Data shown Block Start

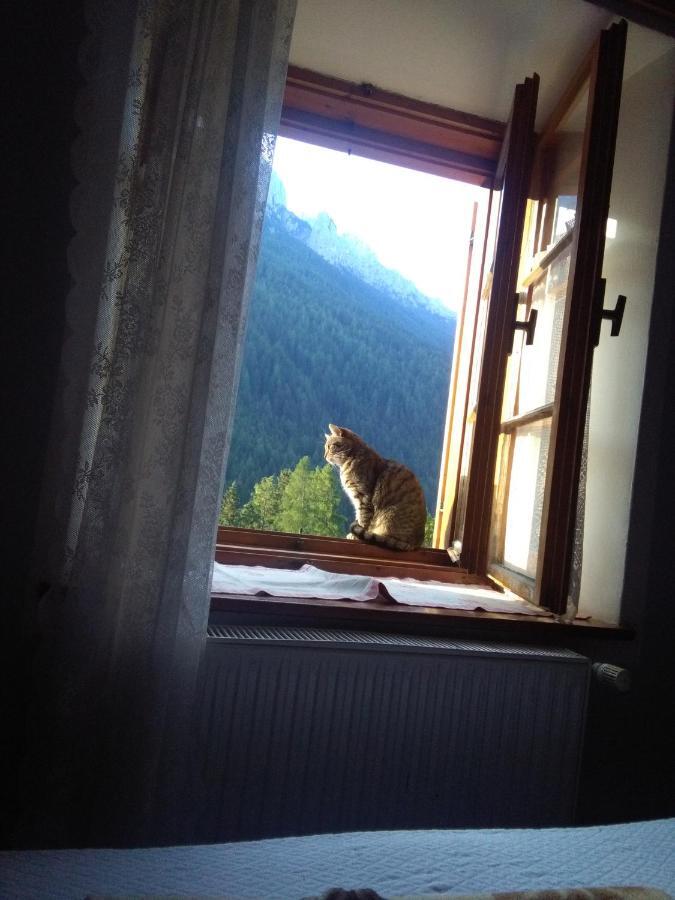 Achillea Bed & Breakfast Vigo di Fassa Bagian luar foto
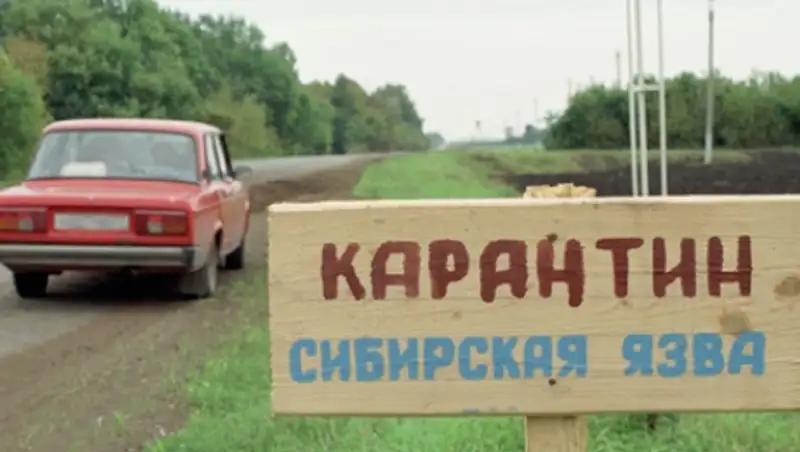 Случай заболевания сибирской язвой выявлен в Молдавии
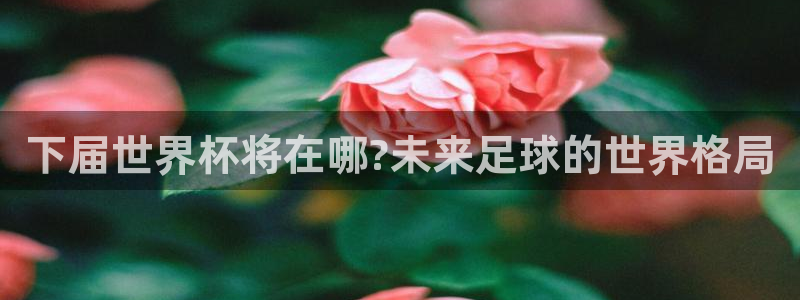 世界杯比赛直播：下届世界杯将在哪?未来足球的世界格局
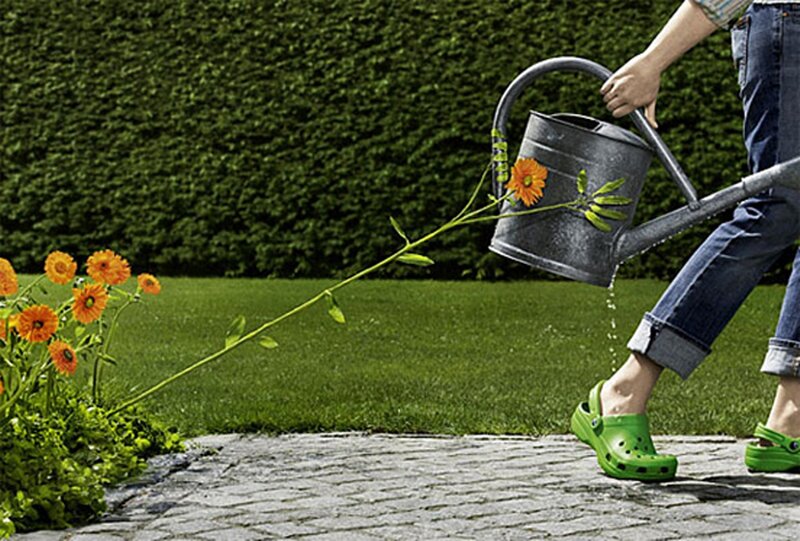 Person Watering Flowers — Green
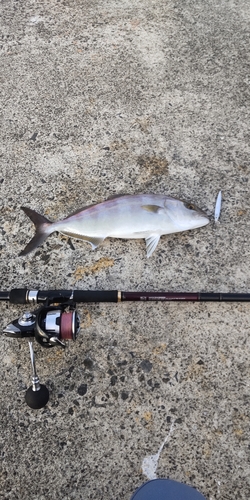 ネリゴの釣果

Data shown Block End

▸ **Activity**
Would you please print out all the records above exactly, minus any pictures?

▸ **Result of the task**
 Achillea Bed & Breakfast Vigo di Fassa Bagian luar foto
 Случай заболевания сибирской язвой выявлен в Молдавии
 世界杯比赛直播：下届世界杯将在哪?未来足球的世界格局
 Person Watering Flowers — Green
 ネリゴの釣果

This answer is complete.